What about predicting future BABIP? This is a question worth answering. How, for example, does Kershaw author season after season of low BABIP? Can our model provide an answer? My instincts said no, given that two of the variables (LD%, OAA) are highly volatile year-to-year, and a third (GB%) correlates weakly to same-season BABIP.
That leaves us with PU%. To start, I compiled pitchers with both (a) at least 30 innings pitched in 2020 and (b) at least 50 innings pitched in 2021; that returned a sample of 104. Then I looked at how a pitcher’s PU% in 2020 correlated to his BABIP in 2021 and how that compared to his BABIP the previous year. The results:
- 2020 PU% to 2021 BABIP: R^2 = 0.051
- 2020 BABIP to 2021 BABIP: R^2 = 0.034
Womp, womp.
Yep, the rate that’s not only sticky year-to-year but also quite indicative of same-season BABIP is barely better at estimating future BABIP. There’s the caveat that we’re dealing with micro samples here, but even with more innings, it’s doubtful PU% will reach a point of moderate correlation. Unfortunately, this is a dead end.

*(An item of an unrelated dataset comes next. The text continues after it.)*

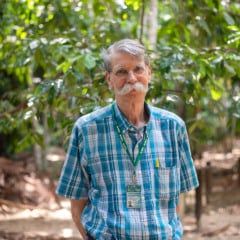 Cientista Philip Fearnside atua há anos no Brasil (Foto: Divulgação)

Still, the descriptive power of xBABIP provides us with a few insights. Take John Means as an example. He has a microscopic .201 BABIP since last season, and while he did possess an abnormally low line drive rate in 2020, it’s rebounded in 2021, but without a corresponding change to BABIP. His secret? Means has gained a few ticks of ride and velocity on his fastball, allowing him to induce pop-ups (and whiffs) up in the zone. Although there’s virtually no chance that his current BABIP of .192 lasts for an entire season, the regression-friendly xBABIP nevertheless puts it at .241. Barring drastic decline, Means looks like he could outpitch his peripherals for years to come.
I ideally would have multiple full seasons to work with, but I don’t feel comfortable using years prior to 2020 since there’s been a change in tracking systems. Predicting BABIP is still an extremely tall task, but more accurate and granular Statcast data allow us to break down the metric’s components within a season. As more batted balls are compiled under the gaze of Hawk-Eye, it’ll be interesting to see if the details of xBABIP change. For now, this will do. (P.S. BABIP data for the aforementioned 138 pitchers can be found here.)
All statistics are current through games of July 19.
Justin is an undergraduate student at Washington University in St. Louis studying statistics and writing.
This progressive narrative of science and data unraveling its own flawed ideas is crazy. So, people who know nothing state that BABIP is all luck. Then, those people take credit for unraveling the mystery that they were wrong. Thank you Statcast for this valuable gift! I like that the cooperate sponsor needs to get credit for an entire revolution of junk. I am sure that the new technology is super reliable although they will need a sponsor. All this kind of analysis leads to is digging real deep in arbitrary metrics in search of generalizations that don’t hold. This is such a weird tone but typical of Fangraphs.
Imagine what might happen if analyst abandon linear models.
Always thus.
Old people: things fall down
Newton: actually, things are attracted to each other by a force based on their relative mass
Einstein: actually, gravitational effects are the result of spacetime curvature, not forces
The latter is a more detailed understanding that explains more phenomena, but Einstein doesn’t make Newtonian physics irrelevant within non-relativistic motion anymore than ‘things fall down’ is inaccurate when the frame of reference is on Earth.